> **PROBLEM DETAILS**
Omit all pictures. Copy exactly the lines from the line containing "Inn Pomian Ozarow Mazowiecki" to the end of the listing, with both ends included.

--- START ---

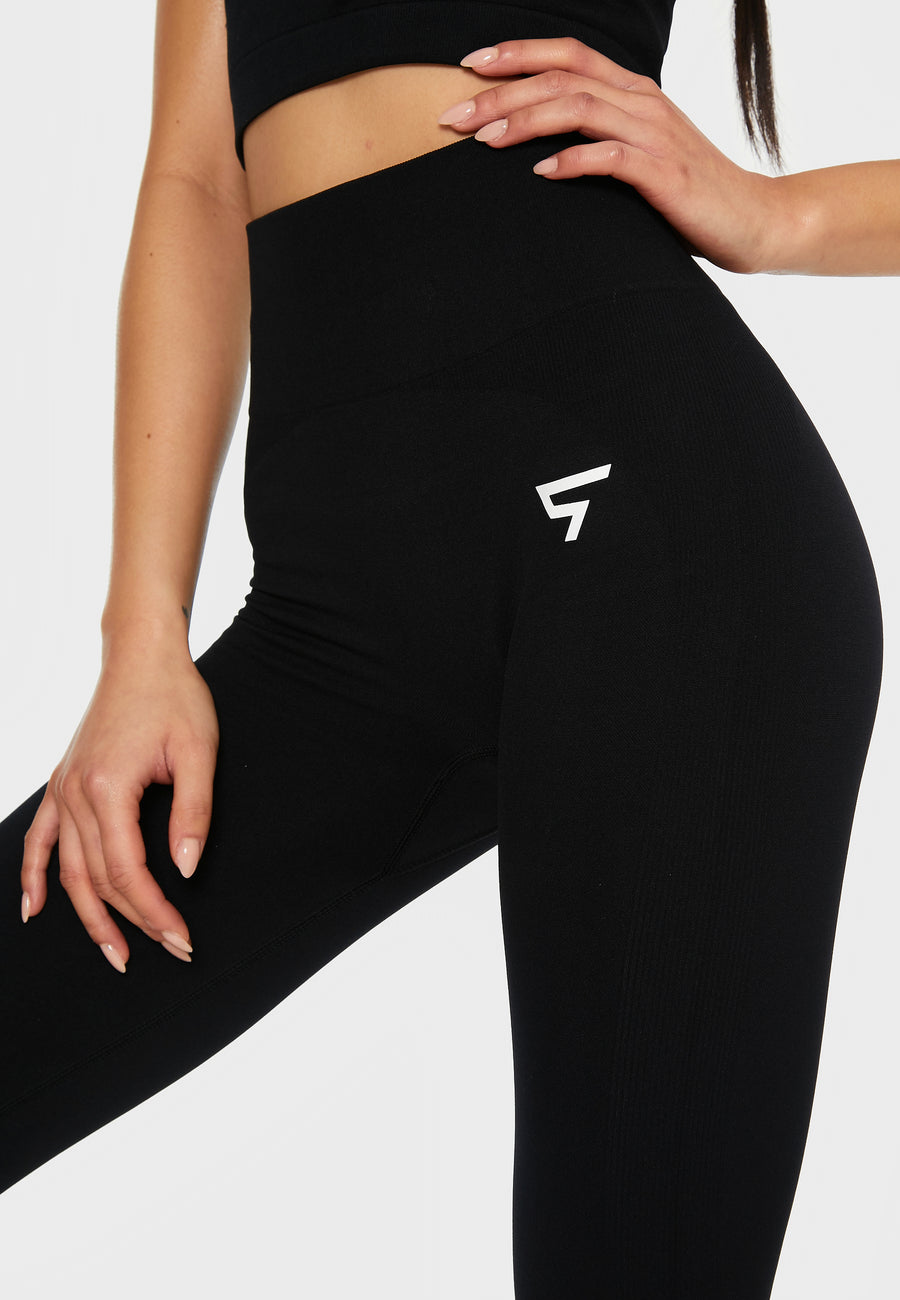 Leggings Lunges+ Seamless High Waisted Sport Leggings - Squatproof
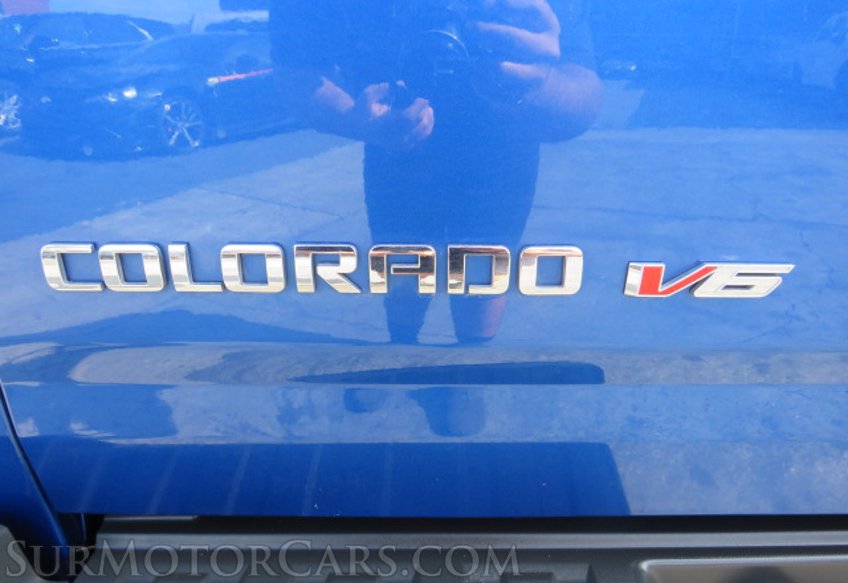 2019 Chevrolet Colorado - Image 20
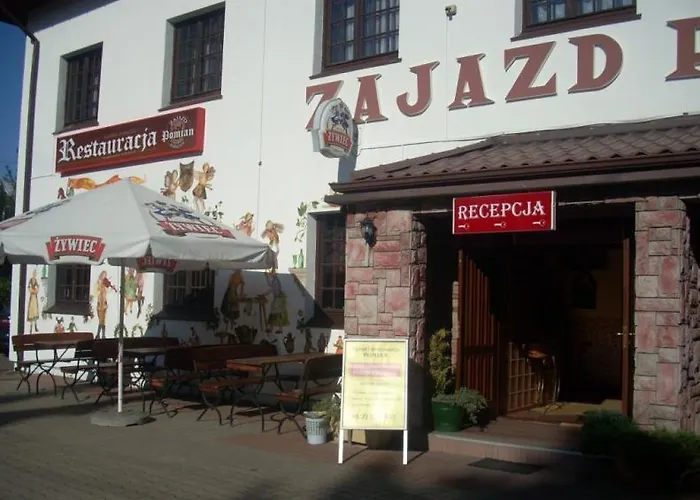 Inn Pomian Ozarow Mazowiecki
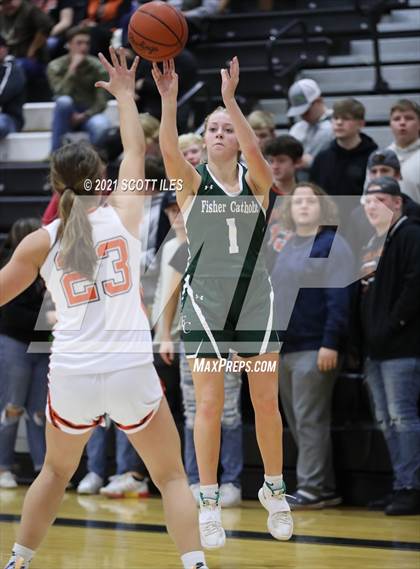 Thumbnail 3 in Fisher Catholic @ Amanda-Clearcreek photogallery.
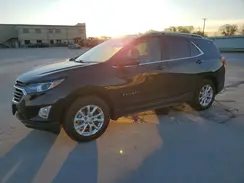 2GNAXSEV9J6101974 2018 CHEVROLET EQUINOX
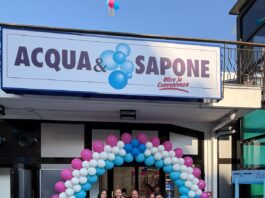 Tre nuove aperture Acqua & Sapone
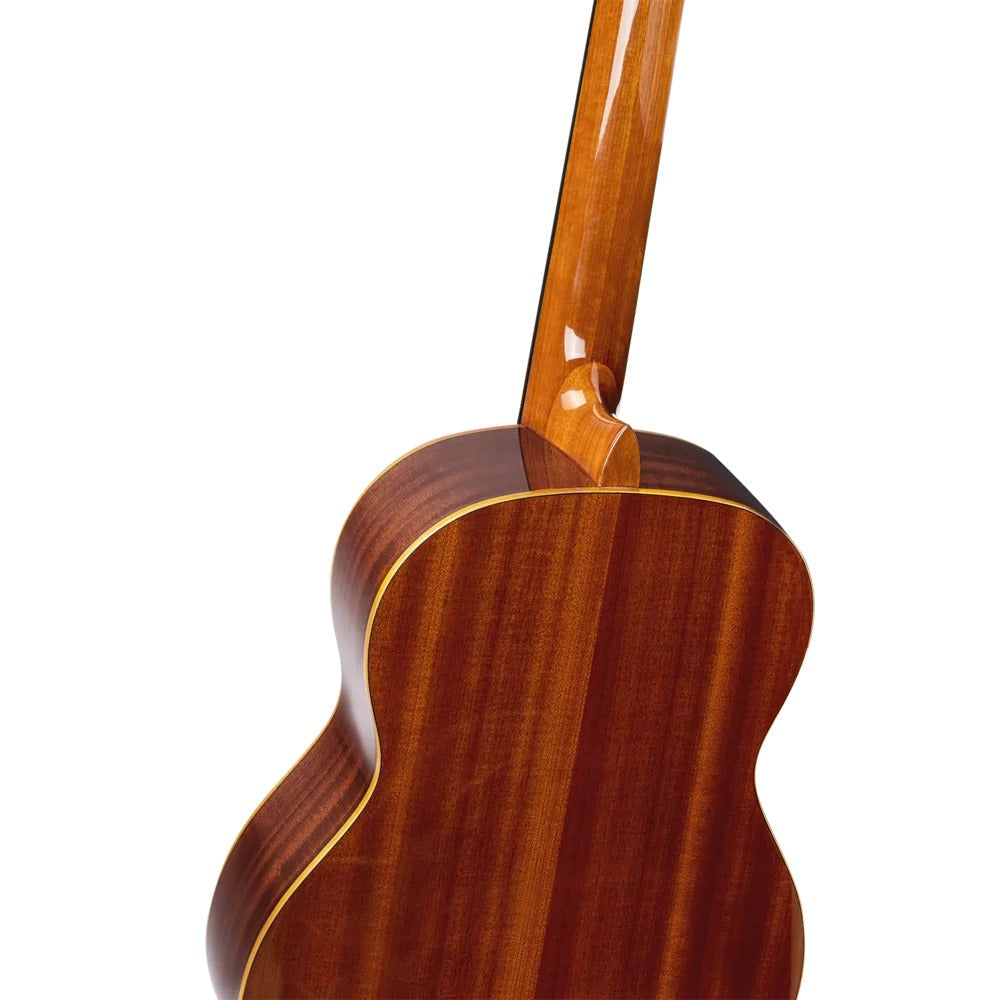 Ortega R122G Family Series Mahogany Acoustic Guitar with Bag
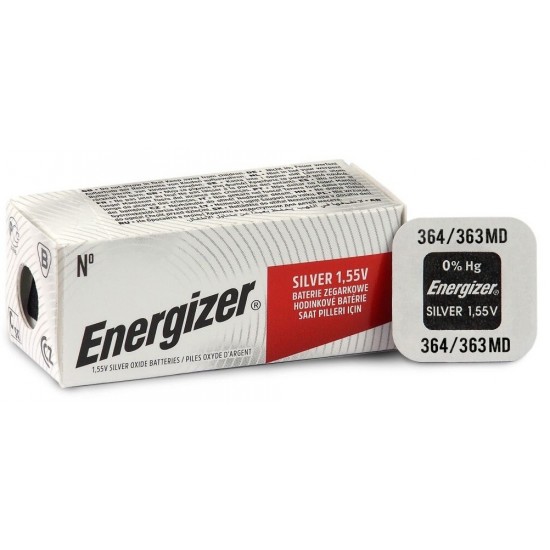 Baterija Energizer SR621SW 364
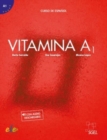 Vitamina A1 - Libro del alumno + online audio + digital - Book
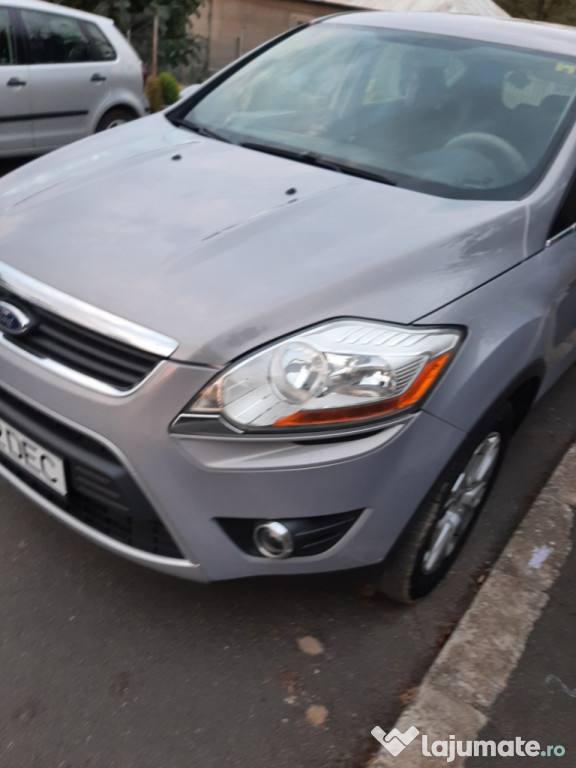 FORD KUGA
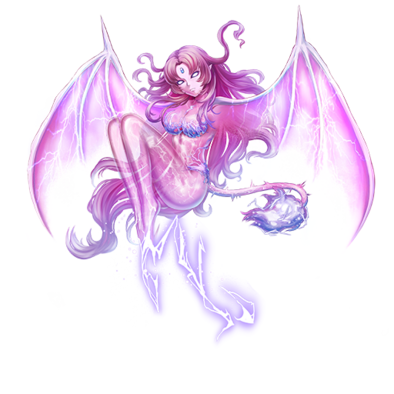 オセロニアのフルミネラの画像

--- END ---

> **TASK RESULT**
 Inn Pomian Ozarow Mazowiecki
 Thumbnail 3 in Fisher Catholic @ Amanda-Clearcreek photogallery.
 2GNAXSEV9J6101974 2018 CHEVROLET EQUINOX
 Tre nuove aperture Acqua & Sapone
 Ortega R122G Family Series Mahogany Acoustic Guitar with Bag
 Baterija Energizer SR621SW 364
 Vitamina A1 - Libro del alumno + online audio + digital - Book
 FORD KUGA
 オセロニアのフルミネラの画像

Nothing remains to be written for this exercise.